12.10.22
A banda desenhada fez, desde sempre, parte da vida das crianças e jovens portugueses. Às quartas, o Portugal Anos 90 recorda alguns dos títulos e séries mais marcantes lançados em território nacional.
Numa semana que temos vindo a dedicar exclusivamente ao mais popular herói de BD franco-belga em Portugal, Astérix, seria quase insultuoso deixarmos de analisar as adições feitas durante a 'nossa' década ao meio que o tornou conhecido; como tal, e porque a popularidade do pequeno gaulês durante a referida década não foi apenas retroactiva, dedicaremos as próximas linhas a uma breve visão geral dos dois álbuns alusivos ao mesmo lançados durante a última década do século XX.
Da autoria exclusiva de Albert Uderzo (que havia acumulado funções desde a morte do seu parceiro de criação, René Goscinny, uma década antes) qualquer destes álbuns constitui uma adição honrosa à colecção de aventuras do guerreiro gaulês e do seu rechonchudo melhor amigo, Obélix – ainda que o segundo dos dois volumes assinale, também, os primeiros vestígios do ligeiro decréscimo de qualidade que se faria sentir nos últimos dois álbuns assinados pelo ilustrador.
Antes, porém, havia ainda tempo para um último clássico, sob a forma de 'A Rosa e o Gládio', de 1991, que vê Astérix a braços com uma admiradora furiosamente feminista, e a ter que rever os seus conceitos sobre o lugar da mulher na sociedade, enquanto procura adaptar a sua linguagem e personalidade para não ofender ninguém. Uma premissa, ao mesmo tempo, divertida e relevante, que antecipa o movimento 'woke' com cerca de três décadas de antecedência, e cuja mensagem é transmitida de forma suficientemente caricatural para nunca parecer forçada ou piegas, tornando o álbum digno de figurar ao lado de outros clássicos da era pós-Goscinny, como o também excelente 'O Filho de Astérix', de 1983.
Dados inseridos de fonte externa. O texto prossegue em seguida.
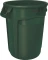 Rubbermaid Brute Mülleimer Vorschaubild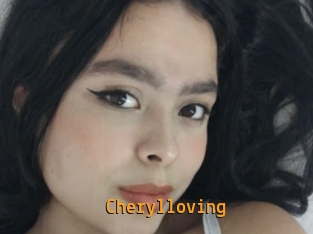 Cherylloving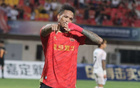 上海嘉定匯龍，守得云開月明。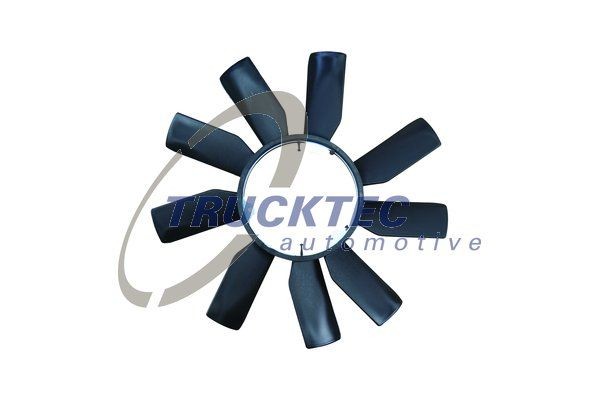 TRUCKTEC AUTOMOTIVE 430 mm Fan Wheel, engine cooling 02.19.140 buy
O mesmo não se pode, infelizmente, dizer de 'O Pesadelo de Obélix', lançado cinco anos depois e que, longe de ser mau, é no entanto menos memorável do que os seus antecessores directos. A trama não deixa de ser interessante, permitindo descobrir quão nefastos podem ser os efeitos da poção mágica de Panoramix sobre o perpetuamente 'super-poderoso 'Obélix, mas não chega, infelizmente, para elevar o álbum além daquele contingente de títulos de Astérix que tendem a ficar esquecidos por entre os clássicos absolutos, a exemplo de 'Astérix e o Caldeirão', 'Astérix e os Godos' ou 'O Grande Fosso'. Ainda assim, uma aventura bem divertida (embora se sinta a falta do sarcástico e inocente Obélix) e que vale a pena ter na colecção, quanto mais não seja em nome do completismo.
Infelizmente, e como já acima indicámos, estes dois álbuns representam o fim da 'época áurea' de Astérix; os dois primeiros livros do novo milénio (e últimos dois da 'era Uderzo', antes de a série ser 'cedida' a dois perfeitos desconhecidos), embora ainda de qualidade acima de qualquer suspeita, já revelam alguma falta de inspiração e ideias, ficando bem abaixo do que o universo cinematográfico do herói gaulês vinha produzindo ('Astérix e Obélix: Missão Cleópatra' é tão bom ou melhor do que qualquer álbum da fase clássica, e altamente recomendado a qualquer fã dos personagens de Goscinny e Uderzo). Quem deixou de ler a série nos anos 90, no entanto (fosse por decréscimo de interesse ou simplesmente pela entrada na idade adulta) teve a sorte de ainda se conseguir 'despedir' da série com a mesma em alta, através de dois bons livros que, ainda hoje, vale bem a pena tentar adicionar à colecção.